Meanwhile, DH was helping my roommate's boyfriend hang the last cardboard Rudolph Reindeer, and he was realizing some unpleasant news. A quick trip during Final's Week to a friend's cabin for snowmobiling was turning out to be more of a couple's trip. Soon realizing that everyone of his buddies had invited a "date" for the adventure, DH was suddenly worried that the long awaited day was going to leave him an uncomfortable 5th wheel.

"What am I going to do?" DH quizzed his roommate. "I have no idea who to invite."

At that very moment my roommate and I knocked on the door. We walked in, pretending to admire the amateur decorating job in their tiny apartment. As I walked into the living room, acccented with sparkly tinsel hung with scotch tape, DH stood up. We knew each other casually since our roommates were dating, but rarely had spoken.

"Debbie!" he exclaimed, "How'd you like to go snowmobiling up to a cabin with me tomorrow?"

Despite the fact it was Final's Week, and I had a political science and a Hebrew exam for which I was completely unprepared, I readily agreed. Walking out of the apartment I was baffled by my uncharacteristic spontaneity.

Maybe it was the ambiance of a remote cabin in the Wasatch Mountains. It could easily have been the blazing fire and DH picking out Christmas carols that evening on a guitar.
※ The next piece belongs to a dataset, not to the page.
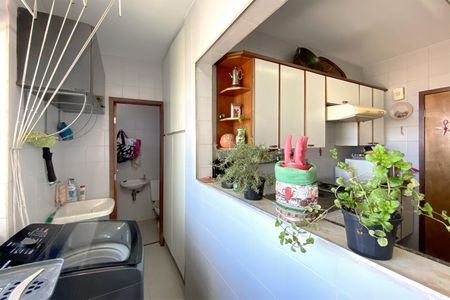Apartamento à venda com 80m², 2 quartos e 1 vagaÁrea de Serviço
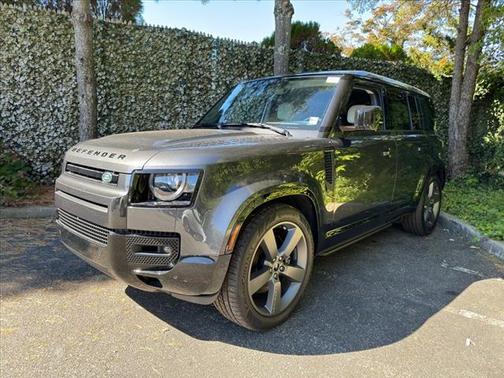 2025 Land Rover Defender 110 V8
Whatever it was, by the time we got back to Provo the mistletoe hung in DH's apartment doorway certainly came in handy.

Saturday, April 5, 2008

Boyfriends Can Be Handy to Have Around



I was only eleven years old and in the sixth grade when my two next younger sisters caught wind of my flirty ways at recess and excitedly announced the news to Mom that day after school.
“Debbie has a boyfriend!” they tattled, “She’s going with Steve!”

Mom was shocked at the news and questioned the nature of my relationship with the supposed suitor Steve.

I assured her it was no big deal, while my sisters stood behind me shaking their heads in disagreement. I explained that I did not ask him to go with me, but that one of my friends suggested it to one of his friends. Then they got him to agree to go with me and then confronted me with the proposal. Naturally, I agreed. It was cool to go with someone.

Mom was still more than cautious about the announcement.

“Does this mean you’re going to kiss him?” Jackie asked loudly.

Mom gasped.

“Gross!” I shouted in reply, trying to assure them all, especially Mom, that was not part of the plan.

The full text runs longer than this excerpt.